Volovolo, un espace de vie. Tout jeune lycéen, j'avais l'habitude d'aller visiter le nouveau marché, le grand marché avant qu'il soit baptisé Volovolo
Volovolo, un espace de vie
Tout jeune lycéen, j'avais l'habitude d'aller visiter le nouveau marché, le grand marché avant qu'il soit baptisé Volovolo. J'allais admirer sa belle architecture et un jour, j'ai croisé Abbas Djoussouf arpenter les arcades du beau bâtiment pour inspecter les finitions des travaux. C'était son entreprise qui avait la charge de la construction et il affichait une fierté heureuse de voir le chantier devenir le plus beau bâtiment du pays.
J'allais me promener à travers les allées bien propres et très bien animées où sont rangés les produits par catégorie et les vendeurs offraient un spectacle joyeux d'une gentillesse impressionnante.
Mais, j'ai découvert une autre facette de Volovolo qui m'a beaucoup sensibilisé plus qu'autre chose. Je venais de France pour un stage d'études au pays. Mon stage devrait se dérouler dans une exploitation agricole et mon village était, à l'époque, l'un des greniers du pays, donc approprié à mon stage.
Ma mère me servait de conseillère étant entendu qu'elle était l'une des meilleures pionnières du développement agricole de l'époque coloniale. Elle avait été animatrice de groupement des productrices agricoles avec ses cultures maraîchères, son poulailler et son atelier de transformation de fruits. Elle m'avait proposé de faire un tour à Volovolo pour apprécier la commercialisation des produits agricoles, ce que j'ai répondu volontiers.
Elle m'a amené dans son espace de vente des fruits et légumes. J'ai constaté que ma chère mère détenait avec fierté l'un des espaces de vente des produits agricoles. Mais ce n'était pas seulement un espace de vente mais bel et bien un espace de vie. J'ai été surpris de l'accueil de ses collègues quand elle leur a dit " c'est mon Dini et il fait des études agricoles en France".
Chacune de ses amies m'a pris dans ses bras avec un " mkana baraka" sincère et affectueux.
- Ah! tu ne fais pas des études pour devenir riche ?

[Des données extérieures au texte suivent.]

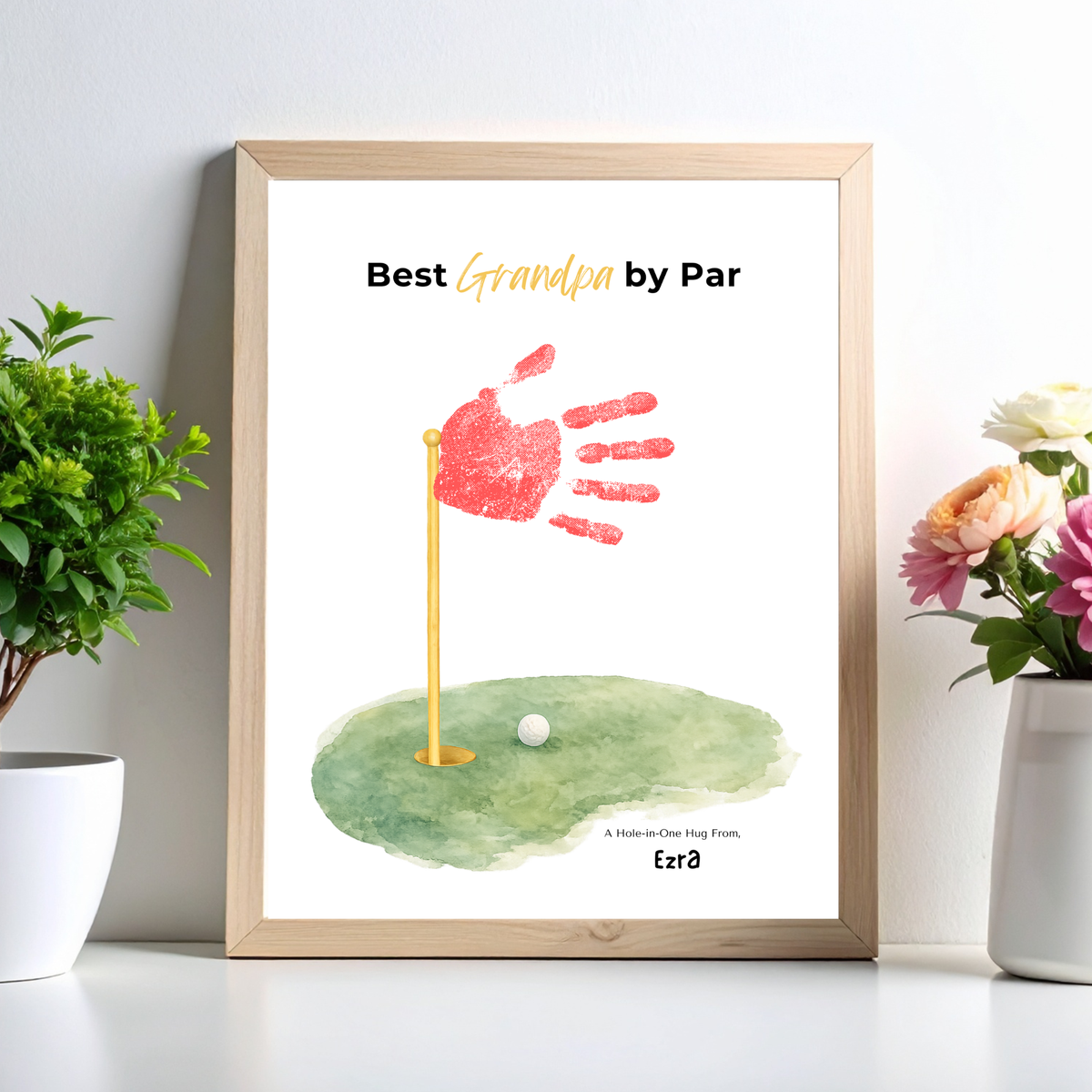 Golf Handprint Craft for Grandpa, Best Grandpa by Par Printable, Father’s Day Golf Keepsake from Kids, Grandpa Birthday Golf Gift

- Comment! M'étonnant de cette question.
Une autre femme m'a appris que si je voulais être riche, je devais faire des études " de douane" ou de " juge"
- Mais ceux qui sont à la douane ou à la justice servent le pays.
- Non, ils se servent et toi tu vas servir sans être riche.
Je n'ai pas eu le temps de bien comprendre leur logique car elles m'ont invité dans un restaurant et ont commandé à manger du bon " mtolole" et du manioc grillé avec des "nunda" bien assaisonnés ( brochettes de viandes).
Pendant les échanges autour du repas, j'ai bien compris que les mères de Volovolo formaient une communauté et faisaient de leur espace de vente, un lieu de vie, de partage et de rencontres de différents vécus des villages. Tout ce qu'elles construisent comme mode de vie ne peut pas être réduit au business et au logique du commerce.
Les déplacer arbitrairement vers d'autres lieux, c'est comme les déraciner de leur terroir et les dépouiller de leur humanité. Pour elles, gagner de l'argent autrement et n'importe où ne peut être une alternative convenable. Justifiable soit il, un simple arrêté communal, ne peut, en aucun cas, compenser un mode de vie construit dans la durée des rencontres des intelligences.